Avec ce film, Renoir réalise un de ses rêves de jeunesse : porter à l’écran le roman de Mirbeau dont il s’était déjà inspiré pour l’écriture de son premier film Catherine ou Une vie sans joie (1924). Si la réception critique est bonne au point de placer le film à la huitième position des dix meilleures réalisations de l’année, le public est plus circonspect. Quant aux amateurs de Mirbeau, ils ont du mal à s’y retrouver : Georges devient le fils de Monsieur et Madame Lanlaire ; Joseph tente de voler l’argenterie de sa maîtresse, puis tue le riche capitaine Mauger, avant d’être lynché par la foule ; Georges et Célestine tombent dans les bras l’un de l’autre et – véritable happy end ! – partent vivre ensemble !
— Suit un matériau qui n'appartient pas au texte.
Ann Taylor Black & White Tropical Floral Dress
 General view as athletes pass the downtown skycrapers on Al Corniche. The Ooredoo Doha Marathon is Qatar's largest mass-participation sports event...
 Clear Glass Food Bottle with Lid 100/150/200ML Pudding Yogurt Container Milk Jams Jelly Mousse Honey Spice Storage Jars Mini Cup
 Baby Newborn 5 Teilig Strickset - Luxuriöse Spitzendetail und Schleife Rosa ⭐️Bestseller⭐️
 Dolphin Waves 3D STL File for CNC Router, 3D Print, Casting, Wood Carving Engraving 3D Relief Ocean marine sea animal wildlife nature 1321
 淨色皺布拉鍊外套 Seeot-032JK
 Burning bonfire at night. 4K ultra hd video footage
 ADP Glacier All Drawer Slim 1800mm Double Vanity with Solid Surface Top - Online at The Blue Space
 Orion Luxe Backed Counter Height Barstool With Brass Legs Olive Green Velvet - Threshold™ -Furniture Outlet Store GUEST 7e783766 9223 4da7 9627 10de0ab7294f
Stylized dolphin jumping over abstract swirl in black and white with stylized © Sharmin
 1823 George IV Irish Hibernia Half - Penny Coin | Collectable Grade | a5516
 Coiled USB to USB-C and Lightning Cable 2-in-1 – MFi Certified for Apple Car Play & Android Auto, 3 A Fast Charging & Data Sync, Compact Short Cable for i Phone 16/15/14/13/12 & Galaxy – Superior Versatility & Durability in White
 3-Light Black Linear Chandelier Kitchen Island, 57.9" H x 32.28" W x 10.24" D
Plusieurs raisons expliquent les changements. D’abord, Renoir s’appuie sur un scénario américain écrit pour un public américain. L’histoire doit donc se soumettre à la fois aux impératifs du marché et aux contraintes du code Hays. Il n’était pas question de montre telles quelles les aventures de Célestine ! Le film est, en outre, réalisé par un exilé. En filmant en studio, Renoir sait qu’il lui est impossible de montrer la France qu’il a quittée ; il cherche donc à retrouver ce que Roger Viry-Babel nomme « le geste français » ; il essaie de reproduire des tableaux paternels. Loin de se prétendre réaliste, il veut introduire dans le récit un fantastique cruel, une théâtralité à l’état pur.

Dernier point : même si Renoir a pris plaisir à filmer Paulette Goddard, il aime beaucoup plus le capitaine Mauger que les autres personnages. Il retrouve dans cette créature mirbellienne le faune qui peuple sa filmographie et qui court depuis Partie de campagne jusqu’à Déjeuner sur l’herbe, prenant les traits tantôt de Michel Simon, de Brunius ou de Paul Meurisse. Cette légèreté burlesque plaît au cinéaste. Elle semble, en revanche, bien éloignée de l’univers désenchanté de Mirbeau.


Y. L.

 

Bibliographie : Lemarié, Yannick, « Mirbeau et le cinéma, Le Journal d’une femme de chambre de Renoir », Cahiers Octave Mirbeau, n° 8, pp. 374-384 ; Tesson, Charles, « Jean Renoir et Luis Buñuel - Autour du Journal d'une femme de chambre », in Nouvelles approches de Jean Renoir, Université de Montpellier III, 1995, pp. 39-61 ; Vanoye, Francis, « Trois femmes de chambre (note sur deux adaptations du Journal d’une femme de chambre d’Octave Mirbeau) », Actes du colloque de Nanterre, Relecture des “petits” naturalistes, Université Paris X, octobre 2000, pp. 451-455 ; Vitanza, Elizabeth Ann, « Lost in translation : Diary of a chambermaid (1945-1946) », in Rewriting the rules of the games : Jean Renoir in America, 1941-1947, Ph. D Thesis, UCLA, Los Angeles, 2007, chapitre IV.